Below is a random sampling of ideas: (You should also look at the lists of student projects from Spring 2012, Spring 2013, and Spring 2014.

  • Projects proposed by Ph.D. students and professors:
    • Parallel rendering of multiple depth images for fast object localization. (more details in the piazza post)
    • Help the UPitt bio lab scale-up molecule visualization. See the project blurb here!
  • Application-oriented projects (parallelize an application):
    • Implement a game playing system: Chess, Go, etc.
    • Graphics: extend assignment 2 to achieve high performance under real workloads (render real triangle meshes and more complex shading functions); implement a parallel ray tracer. (those interested in graphics projects should see Kayvon);
    • Physical simulation: implement a high-resolution fluid simulation, rigid body solver, cloth simulation
    • Computer vision: real-time object detection/tracking, image similarity search in a large image database; study algorithms for selective search (see here and here) and implement then very efficiently.
    • Machine Learning on big data. Parallelize a machine learning algorithm (e.g., parallel logistic regression, clustering, large scale classification, deep learning). Also see major software efforts like the Petuum project, MLBase, and the parameter server.
    • Prof. Kayvon be really interested to see if someone could implement parts of the Caffe deep learning framework to Xeon Phi.
    • Prof. Kayvon would also be really interested in someone implementing deep convolutional network evaluation in Halide. Even better would be a drop-in Caffe implementation in Halide. (very challenging, automatic A!)
    • Solvers: Implement a parallel linear solver (using the conjugate-gradient or multi-grid method)
    • Take a look at Guy Blelloch's problem-based parallel algorithm benchmark suite. Any solution that improves on the algorithms in the performance suite would be a great project.
    • Implement an application on an FPGA (see CoRAM)
    • Compare the performance of different parallel algorithms for the same task on different machines (often different algorithms are best for different platforms)
    • Implement a lock-free data structure.
    • Note to students focused on applications for distributed systems. You may want to consider implenting your work in Legion or Spark.

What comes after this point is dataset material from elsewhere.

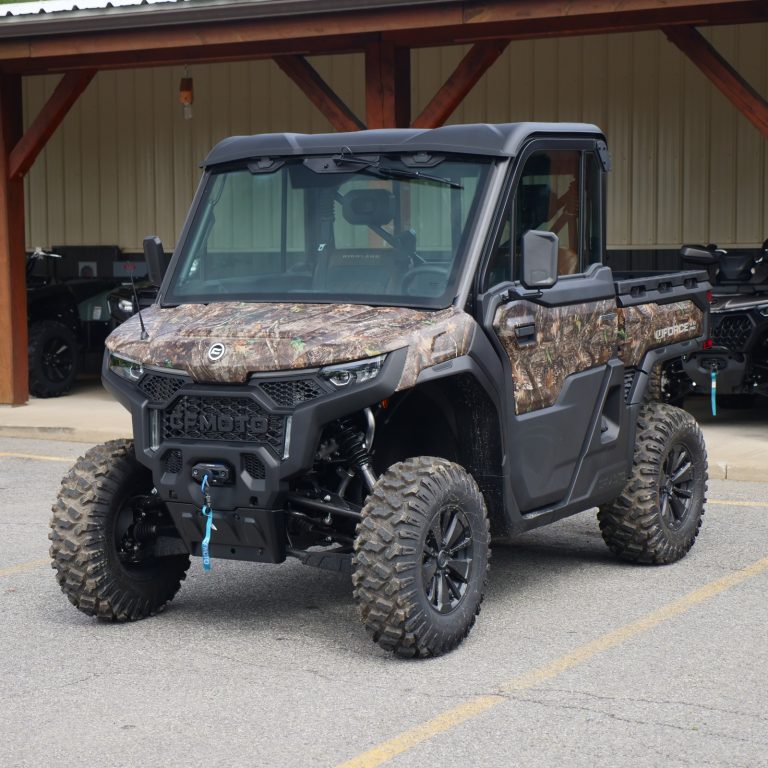 6a734270354b5e7058031b70 CFMoto Side by Side Dealer CFMoto Side by Side Dealer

  • Languages/runtimes/compilers:
    • Add high-performance parallel bindings to a system like Javascript or Python. e.g., See PyCuda and the great projects in 2014.

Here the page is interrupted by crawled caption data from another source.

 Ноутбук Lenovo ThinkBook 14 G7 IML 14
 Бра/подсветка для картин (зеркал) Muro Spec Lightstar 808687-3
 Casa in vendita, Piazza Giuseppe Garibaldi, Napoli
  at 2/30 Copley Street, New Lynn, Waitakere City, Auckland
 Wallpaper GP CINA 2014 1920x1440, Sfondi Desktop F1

    • Annotate the compiled ISPC code with calls to CPU performance monitor instructions and then gather interesting statistics about program execution: cache hits/misses, IPC (and scalar IPC and vector IPC separately). Create a visualization tool for the results. (from Matt Pharr)
    • For the really brave: Add polymorphic functions to ISPC: implement a function template mechanism in the compiler since it gets to be painful to write multiple versions of functions with both uniform and varying parameter types.
    • Add a GPU backend for a subset of GraphLab, or simply improve the existing parallel runtime for clusters or CPUs.
    • Extend your 15-411 compiler to generate parallel code.
    • Add a new feature to the Halide image processing language.
    • Design a mini domain-specific language (or API, or framework) for a problem domain you are interested in. If your interested in building a compiler for a domain specific language definitely take a look at Terra (ask TA Will, he's familiar with it.)
  • Systems and analysis projects:
    • Study a workload's amenability to SIMD execution. Simulate behavior given multiple SIMD widths.
    • Modify or analyze a workload using GPGPU Sim, PIN, or talk to Li about other simulation tools.
    • Modify your 15-410 kernel to utilize a parallel machine
    • Investigate parallel implementations of malloc
    • Measure the energy consumption of a parallel computer under various loads: (one example is here)
    • Build a real elastic web server using Amazon's actual services.
    • Measure/analyze the energy consumption on a mobile device while certain applications are running.
    • Implement High performance parallel key-value store.
    • Build a heterogeneous computing system to accelerate the performance of applications using FPGAs.